Das FamG hat den Antragstellerinnen Verfahrenskostenhilfe bewilligt, den Antrag auf Beiordnung eines Rechtsanwalts aber zurückgewiesen. Die von den Antragstellerinnen dagegen eingelegte Beschwerde zum OLG ist erfolglos geblieben. Hiergegen wenden sie sich mit der vom OLG zugelassenen Rechtsbeschwerde.
2 Aus den Gründen
Die Rechtsbeschwerde hat Erfolg.
1. Das OLG hat seine in FamRZ 2011, 1610 veröffentlichte Entscheidung im Wesentlichen wie folgt begründet:
Die Beiordnung eines Anwalts setze gem. § 78 Abs. 2 FamFG voraus, dass die Sach- und Rechtslage schwierig sei. Dabei genüge es, wenn nur die Sach- oder nur die Rechtslage schwierig sei. Entscheidend sei, ob ein bemittelter Rechtsuchender, der seine Prozessaussichten vernünftig abwäge und dabei auch das Kostenrisiko berücksichtige, in der Lage des Unbemittelten vernünftigerweise einen Rechtsanwalt mit der Wahrnehmung seiner Interessen beauftragt hätte. Dabei seien auch die subjektiven Fähigkeiten des Rechtsuchenden zu berücksichtigen. Die Beurteilung sei nicht aus der Perspektive des erfahrenen Familienrichters, sondern aus Sicht des juristischen Laien vorzunehmen. Zum neuen Recht sei der BGH zu einer von seiner früheren Rspr. ausdrücklich abweichenden Auffassung gelangt, wonach die existentielle Bedeutung des Verfahrens allein die Beiordnung eines Rechtsanwalts nicht mehr rechtfertigen könne, denn nach der Gesetzesbegründung zu § 78 Abs. 2 FamFG erfülle die Schwere des Eingriffs in die Rechte eines Beteiligten die Voraussetzung für die Beiordnung eines Rechtsanwalts nicht mehr. Die Beurteilung, ob die Beiordnung erforderlich sei, sei nach sämtlichen Umständen des Einzelfalls vorzunehmen. Dabei sei die Sachlage nicht schon deshalb schwierig, weil ein Abstammungsgutachten eingeholt werden müsse. Die vom Sachverständigen gefundenen Ergebnisse seien im Allgemeinen ohne weiteres verständlich und nachvollziehbar. Zur Durchdringung der darüber hinausgehenden molekulargenetischen Frage werde ein beigeordneter Rechtsanwalt meist ebenso wenig beitragen können wie die Beteiligten selbst. Ebenso wenig sei von Schwierigkeiten i.S.d. § 78 Abs. 2 FamFG allein schon deshalb auszugehen, weil im Abstammungsverfahren strenge Beweisanforderungen gelten würden, die den Familiengerichten erfahrungsgemäß Schwierigkeiten bereiteten. Es könne aber nicht von vornherein davon ausgegangen werden, dass die Familiengerichte solchen Verfahren nicht gewachsen seien. Schließlich sei die Sach- und Rechtslage auch nicht deshalb schwierig, weil das Verfahren in Abstammungssachen gegenüber anderen Zivilprozess- und Familienverfahren Besonderheiten aufweise. Die Abweichungen und die materiellrechtlichen Regelungen der Vaterschaftsanfechtung seien nicht so komplex, dass sie von einem Laien – gegebenenfalls mit Hilfe der Rechtsantragsstelle – nicht bewältigt werden könnten.
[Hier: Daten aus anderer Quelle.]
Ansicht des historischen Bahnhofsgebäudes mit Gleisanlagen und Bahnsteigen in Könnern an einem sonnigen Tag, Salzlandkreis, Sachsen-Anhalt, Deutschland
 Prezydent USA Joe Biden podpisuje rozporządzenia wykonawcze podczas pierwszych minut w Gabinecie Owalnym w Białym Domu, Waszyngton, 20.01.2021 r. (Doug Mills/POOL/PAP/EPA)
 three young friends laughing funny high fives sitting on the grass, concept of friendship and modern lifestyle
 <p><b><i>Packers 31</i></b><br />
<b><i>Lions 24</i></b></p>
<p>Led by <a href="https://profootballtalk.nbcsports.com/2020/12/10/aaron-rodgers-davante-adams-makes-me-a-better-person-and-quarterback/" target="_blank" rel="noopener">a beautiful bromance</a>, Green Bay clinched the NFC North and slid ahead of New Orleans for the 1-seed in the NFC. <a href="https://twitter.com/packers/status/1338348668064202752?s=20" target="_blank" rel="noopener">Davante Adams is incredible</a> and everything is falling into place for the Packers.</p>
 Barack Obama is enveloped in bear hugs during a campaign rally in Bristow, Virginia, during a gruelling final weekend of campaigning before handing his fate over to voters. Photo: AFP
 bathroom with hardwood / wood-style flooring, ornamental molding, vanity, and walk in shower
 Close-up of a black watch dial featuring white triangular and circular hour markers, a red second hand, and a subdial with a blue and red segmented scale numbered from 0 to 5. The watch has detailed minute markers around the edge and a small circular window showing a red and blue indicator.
Die somit maßgebliche Abwägung der Umstände des Einzelfalls ergebe, dass das Abstammungsverfahren keine Schwierigkeiten aufwerfe, die die Beiordnung eines Rechtsanwalts erforderlich erscheinen lasse. Sämtliche Beteiligte seien sich einig, dass der Beteiligte zu 4) nicht der Vater der Antragstellerinnen sei. Selbst nach der früheren Rspr. des BGH wäre es jedenfalls zweifelhaft gewesen, ob ein Anwalt beizuordnen sei, da der BGH dies nur für Fälle bejaht habe, in denen die Beteiligten entgegengesetzte Interessen verfolgten. Die Mutter der Antragstellerinnen habe hier nur vortragen müssen, dass der Beteiligte zu 4) nicht als Vater in Betracht komme, weil sie mit ihm während der Empfängniszeit keinen Geschlechtsverkehr gehabt habe. Dass ihr dieser Vortrag, notfalls mit Hilfe der Rechtsantragsstelle, nicht auch ohne anwaltlichen Beistand möglich gewesen wäre, sei nicht ersichtlich. Insbesondere hätten die Antragstellerinnen nichts dazu erklärt, dass die subjektiven Kenntnisse und Fähigkeiten i...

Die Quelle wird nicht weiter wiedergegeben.